*** Opening Dataset ***
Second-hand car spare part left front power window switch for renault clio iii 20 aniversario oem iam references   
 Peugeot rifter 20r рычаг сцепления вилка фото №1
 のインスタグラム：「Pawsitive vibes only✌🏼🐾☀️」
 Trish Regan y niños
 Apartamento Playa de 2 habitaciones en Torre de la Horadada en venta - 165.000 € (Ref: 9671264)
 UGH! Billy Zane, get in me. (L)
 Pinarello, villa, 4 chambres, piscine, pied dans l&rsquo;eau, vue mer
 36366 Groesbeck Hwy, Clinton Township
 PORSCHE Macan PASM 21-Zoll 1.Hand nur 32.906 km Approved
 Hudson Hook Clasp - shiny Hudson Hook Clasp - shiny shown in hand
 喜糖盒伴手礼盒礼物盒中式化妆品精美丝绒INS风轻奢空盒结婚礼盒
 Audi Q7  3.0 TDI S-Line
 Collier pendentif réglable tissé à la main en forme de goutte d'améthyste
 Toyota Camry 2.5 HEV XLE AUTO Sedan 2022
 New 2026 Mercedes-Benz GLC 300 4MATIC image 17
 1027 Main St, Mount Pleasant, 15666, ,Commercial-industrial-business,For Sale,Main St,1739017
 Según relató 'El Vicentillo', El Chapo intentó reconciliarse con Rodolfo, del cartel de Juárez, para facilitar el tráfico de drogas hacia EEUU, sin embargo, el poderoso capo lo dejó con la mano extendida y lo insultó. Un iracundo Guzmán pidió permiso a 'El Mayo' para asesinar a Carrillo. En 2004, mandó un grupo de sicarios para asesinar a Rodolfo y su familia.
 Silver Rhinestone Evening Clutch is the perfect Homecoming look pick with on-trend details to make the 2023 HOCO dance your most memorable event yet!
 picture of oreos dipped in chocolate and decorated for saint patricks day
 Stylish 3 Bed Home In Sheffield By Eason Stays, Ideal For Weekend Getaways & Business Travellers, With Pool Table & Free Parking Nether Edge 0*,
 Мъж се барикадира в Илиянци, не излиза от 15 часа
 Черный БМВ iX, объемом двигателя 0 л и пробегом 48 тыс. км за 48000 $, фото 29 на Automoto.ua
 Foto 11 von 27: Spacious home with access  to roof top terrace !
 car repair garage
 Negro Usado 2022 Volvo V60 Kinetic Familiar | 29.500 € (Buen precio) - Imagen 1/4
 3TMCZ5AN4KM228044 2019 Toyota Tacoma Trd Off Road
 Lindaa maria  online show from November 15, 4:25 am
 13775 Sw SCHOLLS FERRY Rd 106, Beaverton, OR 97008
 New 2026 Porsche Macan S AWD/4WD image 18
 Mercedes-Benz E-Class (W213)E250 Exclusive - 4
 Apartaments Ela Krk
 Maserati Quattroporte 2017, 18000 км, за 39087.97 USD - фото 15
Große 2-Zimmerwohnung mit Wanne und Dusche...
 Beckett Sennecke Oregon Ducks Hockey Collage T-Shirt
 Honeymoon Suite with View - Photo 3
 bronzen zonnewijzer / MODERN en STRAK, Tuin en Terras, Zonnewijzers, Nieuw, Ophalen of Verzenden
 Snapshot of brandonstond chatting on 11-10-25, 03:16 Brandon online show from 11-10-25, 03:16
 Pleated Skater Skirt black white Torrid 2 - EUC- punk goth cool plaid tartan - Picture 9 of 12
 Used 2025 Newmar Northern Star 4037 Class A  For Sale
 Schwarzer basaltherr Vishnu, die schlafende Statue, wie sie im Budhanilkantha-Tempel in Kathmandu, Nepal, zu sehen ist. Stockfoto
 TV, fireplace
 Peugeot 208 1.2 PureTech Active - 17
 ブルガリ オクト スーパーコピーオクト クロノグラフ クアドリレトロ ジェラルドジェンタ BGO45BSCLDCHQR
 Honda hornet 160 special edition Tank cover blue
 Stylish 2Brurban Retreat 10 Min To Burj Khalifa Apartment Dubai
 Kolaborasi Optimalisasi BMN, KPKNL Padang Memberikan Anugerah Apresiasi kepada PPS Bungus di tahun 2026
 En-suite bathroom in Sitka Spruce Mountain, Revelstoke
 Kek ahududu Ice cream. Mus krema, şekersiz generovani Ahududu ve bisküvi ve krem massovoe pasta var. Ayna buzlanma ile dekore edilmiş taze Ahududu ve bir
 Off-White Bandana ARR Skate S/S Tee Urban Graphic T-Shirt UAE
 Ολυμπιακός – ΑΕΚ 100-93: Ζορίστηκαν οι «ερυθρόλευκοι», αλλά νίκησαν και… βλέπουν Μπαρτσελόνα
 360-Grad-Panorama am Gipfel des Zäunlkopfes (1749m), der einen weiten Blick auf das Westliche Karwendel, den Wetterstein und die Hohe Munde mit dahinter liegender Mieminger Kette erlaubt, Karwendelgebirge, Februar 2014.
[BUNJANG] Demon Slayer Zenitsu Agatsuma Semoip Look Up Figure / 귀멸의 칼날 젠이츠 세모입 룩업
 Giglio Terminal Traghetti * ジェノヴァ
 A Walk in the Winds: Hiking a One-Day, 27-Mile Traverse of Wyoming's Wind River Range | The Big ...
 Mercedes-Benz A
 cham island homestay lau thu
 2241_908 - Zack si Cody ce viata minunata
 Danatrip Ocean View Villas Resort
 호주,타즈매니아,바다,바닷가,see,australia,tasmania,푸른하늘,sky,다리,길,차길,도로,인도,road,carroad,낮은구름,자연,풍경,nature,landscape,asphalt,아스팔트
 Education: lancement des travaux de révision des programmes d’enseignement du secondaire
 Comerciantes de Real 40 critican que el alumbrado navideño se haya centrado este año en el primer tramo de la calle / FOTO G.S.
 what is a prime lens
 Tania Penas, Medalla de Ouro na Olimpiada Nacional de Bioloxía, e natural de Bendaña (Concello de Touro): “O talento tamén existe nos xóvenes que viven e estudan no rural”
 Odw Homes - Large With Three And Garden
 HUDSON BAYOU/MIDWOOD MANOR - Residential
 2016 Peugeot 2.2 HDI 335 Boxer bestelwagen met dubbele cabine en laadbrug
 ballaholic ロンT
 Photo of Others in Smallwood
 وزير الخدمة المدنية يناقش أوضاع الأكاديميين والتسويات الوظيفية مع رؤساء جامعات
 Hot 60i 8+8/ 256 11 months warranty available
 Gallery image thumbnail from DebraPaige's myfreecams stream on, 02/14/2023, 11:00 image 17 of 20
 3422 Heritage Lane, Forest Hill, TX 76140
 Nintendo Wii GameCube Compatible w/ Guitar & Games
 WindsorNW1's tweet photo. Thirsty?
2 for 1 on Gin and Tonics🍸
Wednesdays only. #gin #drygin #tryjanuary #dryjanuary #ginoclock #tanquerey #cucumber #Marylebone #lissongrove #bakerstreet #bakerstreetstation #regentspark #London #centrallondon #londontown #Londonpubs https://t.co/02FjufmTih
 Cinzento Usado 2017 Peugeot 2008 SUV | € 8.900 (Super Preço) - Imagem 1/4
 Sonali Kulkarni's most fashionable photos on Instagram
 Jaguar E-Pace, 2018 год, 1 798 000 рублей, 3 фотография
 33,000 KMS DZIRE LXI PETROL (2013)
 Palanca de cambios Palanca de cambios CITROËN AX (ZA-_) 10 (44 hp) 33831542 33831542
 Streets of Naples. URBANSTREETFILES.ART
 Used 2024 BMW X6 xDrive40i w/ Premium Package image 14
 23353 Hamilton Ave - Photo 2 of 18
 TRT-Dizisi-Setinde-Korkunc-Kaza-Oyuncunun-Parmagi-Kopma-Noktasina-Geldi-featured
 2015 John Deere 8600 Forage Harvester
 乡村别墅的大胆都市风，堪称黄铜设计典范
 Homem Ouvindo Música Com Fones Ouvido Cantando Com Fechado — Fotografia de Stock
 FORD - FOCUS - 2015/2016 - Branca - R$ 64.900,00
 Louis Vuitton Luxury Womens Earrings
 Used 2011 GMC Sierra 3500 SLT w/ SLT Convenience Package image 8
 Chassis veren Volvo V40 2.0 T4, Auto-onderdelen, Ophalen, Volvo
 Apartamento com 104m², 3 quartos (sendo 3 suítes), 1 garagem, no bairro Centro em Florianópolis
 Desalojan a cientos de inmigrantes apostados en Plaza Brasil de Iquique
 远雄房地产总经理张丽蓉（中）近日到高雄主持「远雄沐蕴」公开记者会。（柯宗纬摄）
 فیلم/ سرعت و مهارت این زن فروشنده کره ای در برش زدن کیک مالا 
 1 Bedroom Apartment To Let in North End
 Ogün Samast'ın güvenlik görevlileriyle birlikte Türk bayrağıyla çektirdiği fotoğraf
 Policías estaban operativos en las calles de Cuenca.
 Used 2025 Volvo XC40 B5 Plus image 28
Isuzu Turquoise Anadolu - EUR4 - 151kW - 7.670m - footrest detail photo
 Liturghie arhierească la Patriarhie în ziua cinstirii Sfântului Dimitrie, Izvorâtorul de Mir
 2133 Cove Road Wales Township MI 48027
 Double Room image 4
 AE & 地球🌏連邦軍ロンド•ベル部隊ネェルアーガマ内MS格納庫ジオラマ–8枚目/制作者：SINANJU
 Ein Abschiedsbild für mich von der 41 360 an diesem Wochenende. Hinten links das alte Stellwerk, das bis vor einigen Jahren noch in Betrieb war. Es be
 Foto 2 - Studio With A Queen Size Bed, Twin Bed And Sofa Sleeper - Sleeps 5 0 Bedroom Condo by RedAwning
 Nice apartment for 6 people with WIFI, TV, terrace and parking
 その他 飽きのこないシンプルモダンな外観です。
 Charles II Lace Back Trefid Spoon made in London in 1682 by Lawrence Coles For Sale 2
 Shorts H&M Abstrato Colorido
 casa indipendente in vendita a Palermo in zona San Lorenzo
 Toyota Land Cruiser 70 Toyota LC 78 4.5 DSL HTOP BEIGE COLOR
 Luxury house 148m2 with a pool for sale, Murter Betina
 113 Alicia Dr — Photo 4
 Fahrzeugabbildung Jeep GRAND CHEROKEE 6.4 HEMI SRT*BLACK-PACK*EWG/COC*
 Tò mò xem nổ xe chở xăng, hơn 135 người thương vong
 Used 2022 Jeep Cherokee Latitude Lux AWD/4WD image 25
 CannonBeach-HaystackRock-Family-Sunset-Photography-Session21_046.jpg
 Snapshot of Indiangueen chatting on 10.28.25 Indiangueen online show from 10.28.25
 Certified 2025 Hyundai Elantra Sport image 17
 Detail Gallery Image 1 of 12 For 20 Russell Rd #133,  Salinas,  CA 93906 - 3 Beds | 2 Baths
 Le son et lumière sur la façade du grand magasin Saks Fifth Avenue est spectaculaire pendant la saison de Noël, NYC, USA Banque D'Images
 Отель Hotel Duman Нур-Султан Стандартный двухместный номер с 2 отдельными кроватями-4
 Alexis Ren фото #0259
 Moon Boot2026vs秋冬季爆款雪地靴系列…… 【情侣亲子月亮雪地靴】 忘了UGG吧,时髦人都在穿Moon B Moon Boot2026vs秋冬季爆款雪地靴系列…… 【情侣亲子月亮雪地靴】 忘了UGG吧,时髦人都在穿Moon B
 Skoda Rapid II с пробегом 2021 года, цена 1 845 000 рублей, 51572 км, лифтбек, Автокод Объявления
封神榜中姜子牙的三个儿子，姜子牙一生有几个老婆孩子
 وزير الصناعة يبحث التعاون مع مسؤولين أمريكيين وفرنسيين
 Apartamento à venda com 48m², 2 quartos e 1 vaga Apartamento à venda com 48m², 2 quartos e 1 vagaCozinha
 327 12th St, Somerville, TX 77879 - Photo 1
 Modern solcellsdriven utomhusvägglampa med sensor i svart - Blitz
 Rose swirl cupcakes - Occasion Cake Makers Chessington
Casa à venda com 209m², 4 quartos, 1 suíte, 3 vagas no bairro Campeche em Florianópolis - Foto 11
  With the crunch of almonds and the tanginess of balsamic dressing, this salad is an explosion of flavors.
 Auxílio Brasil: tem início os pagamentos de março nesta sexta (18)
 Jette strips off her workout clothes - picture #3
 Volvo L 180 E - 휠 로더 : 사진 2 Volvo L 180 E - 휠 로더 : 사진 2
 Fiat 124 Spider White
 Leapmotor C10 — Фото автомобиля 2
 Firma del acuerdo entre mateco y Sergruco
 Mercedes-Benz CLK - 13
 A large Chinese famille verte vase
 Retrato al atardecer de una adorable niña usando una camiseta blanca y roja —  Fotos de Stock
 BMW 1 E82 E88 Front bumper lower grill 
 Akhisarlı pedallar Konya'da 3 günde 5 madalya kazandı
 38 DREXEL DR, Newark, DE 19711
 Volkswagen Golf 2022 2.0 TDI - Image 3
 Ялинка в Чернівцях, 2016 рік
*** Closing Dataset ***
> Exercise brief
Only the lines above from the line with "Apartaments Ela Krk" to the line with "Used 2025 Newmar", those two lines included, should be reproduced exactly.

> Output for this exercise
 Apartaments Ela Krk
 Maserati Quattroporte 2017, 18000 км, за 39087.97 USD - фото 15
Große 2-Zimmerwohnung mit Wanne und Dusche...
 Beckett Sennecke Oregon Ducks Hockey Collage T-Shirt
 Honeymoon Suite with View - Photo 3
 bronzen zonnewijzer / MODERN en STRAK, Tuin en Terras, Zonnewijzers, Nieuw, Ophalen of Verzenden
 Snapshot of brandonstond chatting on 11-10-25, 03:16 Brandon online show from 11-10-25, 03:16
 Pleated Skater Skirt black white Torrid 2 - EUC- punk goth cool plaid tartan - Picture 9 of 12
 Used 2025 Newmar Northern Star 4037 Class A  For Sale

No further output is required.